The men discreetly looked at Ernst. The people who had fallen ill with Kleber’s disease would only be able to exert the same power as a little boy or girl throughout their entire lifetime.
“More and more of the villagers contracted Kleber’s disease, burdening our parents. Though they had ploughed wide fields, if things continued like this then we, their children, would struggle to work on them.”
“That was why we left them to become pastureland. When it comes to pasturage, you can just ride on the back of a donkey while you work.”
“That said, it isn’t as if it’s all easy. We have to take many things into consideration when we work as shepherds. Which kinds of grass can we let them eat, when should we move the sheep, how many animals can we take care of before they start to starve… many things… Honestly, we have to think about so many things.”
“How we can calm the sheep down with our limited strength, how we can shear the wool as quickly as possible, which sheep we should breed more of… we had to think about these kinds of matters.”
“In spring, in summer, in fall, in winter, we followed after the sheep. That was how we, in our own way, worked as hard as we possibly could.”
The men looked away with distant eyes, as if remembering the faraway past.
“But in the end… all of our efforts were for nothing, all because of that damned Arruca village. Because those bastards were so sloppy with their work, no one would even take a look at Meissen’s wool anymore! And those other villages, without even knowing anything, all blamed us for it!”
This was a village on the outskirts of a land that was already on the outskirts.

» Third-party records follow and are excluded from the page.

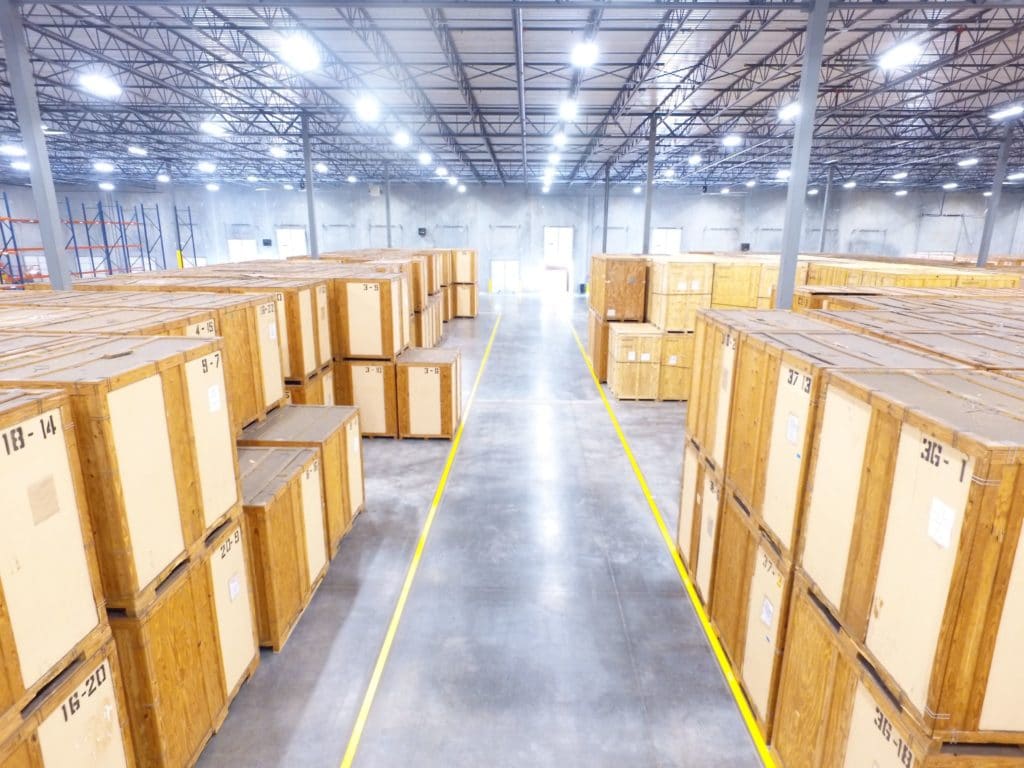 High view of Hilldrup crates stacked in the warehouse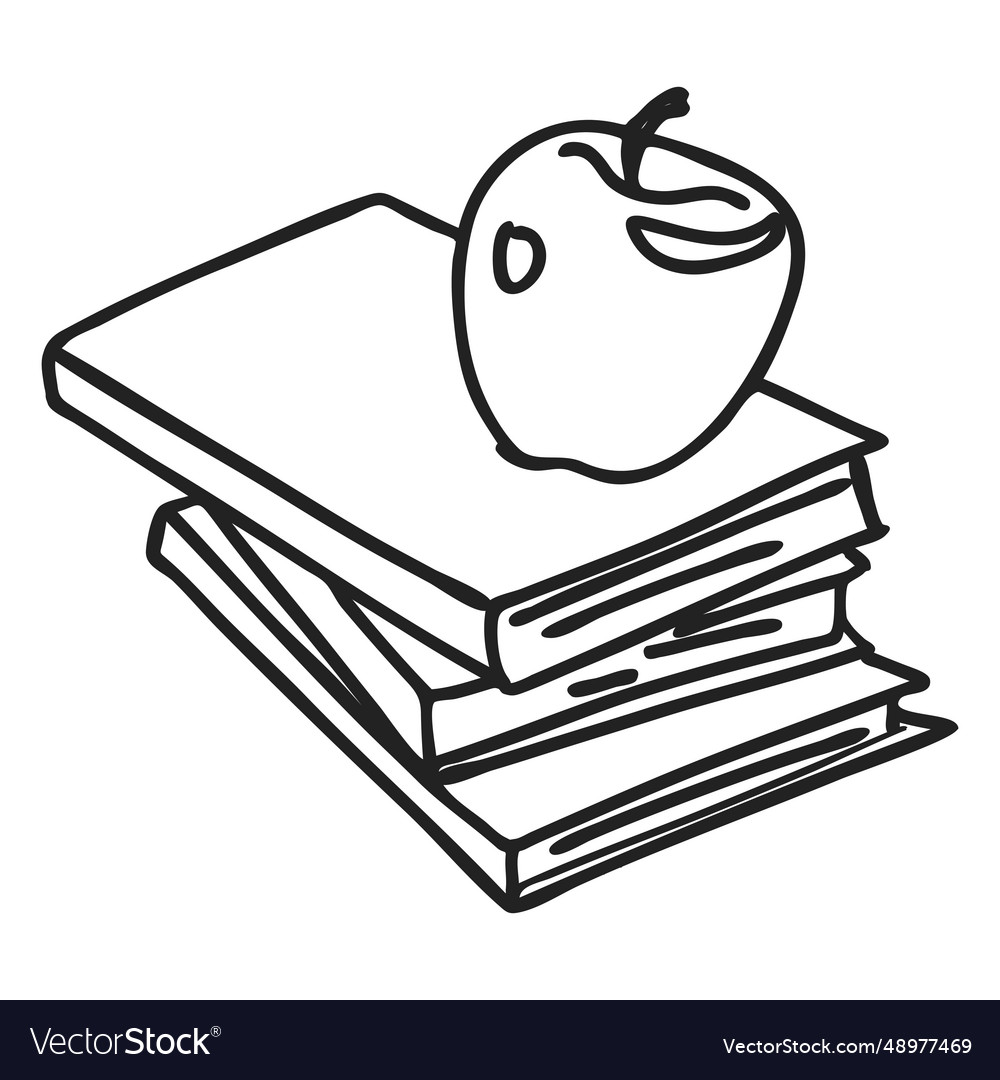 Schoolbooks and apple doodle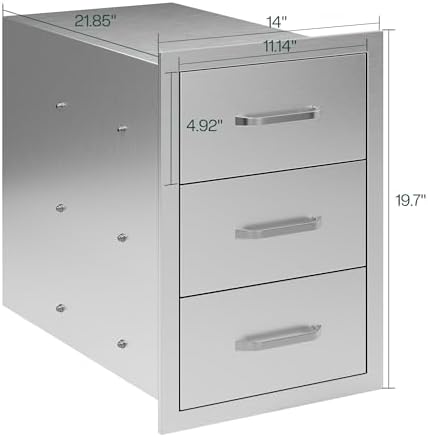 Jocisland 14-Inch Stainless Steel Outdoor Kitchen Drawer Cabinet - Image 3
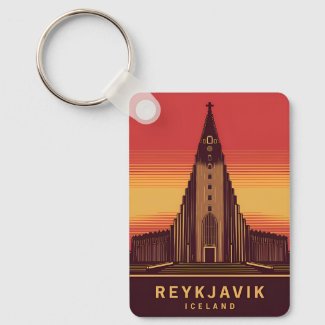 Vintage Travel Reykjavik Iceland Hallgrimskirkja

Not a single one of the villagers has ever received an education.
The villagers had tried to keep in mind to speak politely to Ernst in the beginning, but once their emotions grew more and more intense, they began to forget.
The only people in this place were Ernst, his butler Mais, and the villagers. But once the villagers’ voices could be heard outside, the door quietly opened to reveal Targes’ figure.
The villagers hadn’t noticed Targes’ appearance; Ernst sent him an order with his eyes, and Targes withdrew.
“What did the Arruca village do?”
When the villagers’ emotions had somewhat subsided, Ernst quietly asked this.
“Those bastards… they copied us.”
“Copied?”
“Yeah… those bastards abandoned ploughing their farmland, migrated over to where they are now, and started shepherding, just like us.”
Farmers weren’t allowed to change their lands.
But that only applied to migrating between territories. It wasn’t illegal to change land within the same fief.
“But those bastards, they didn’t think over how to care for their sheep as much as we did.”
“Those guys just kept increasing how many sheep with low-quality wool they had. Once they sold their low-quality wool to the other fiefs, no one would buy for a high price anymore. The prices of Meissen’s wool were smashed all at once.”
“And on top of that, Arruca Village’s shepherding was sloppy, too. They let the sheep eat up all the grass, so the sheep eventually starved…”
“Those bastards walked however many hours it took to get to our pastures and let their sheep eat our grass. And because of that, our sheep starved…”
Tearing up, the villager squeezed out these words.
After stepping foot in Caralime Village, Ernst found it very surprising.
He had heard that it was a village of pastures, but he barely saw any sheep. He had wondered if maybe their pastures were far away, but apparently, that wasn’t the case.
Just like the town of Saiquani, which was now unable to live off of trade, this village of Caralime was now unable to live off of their shepherding.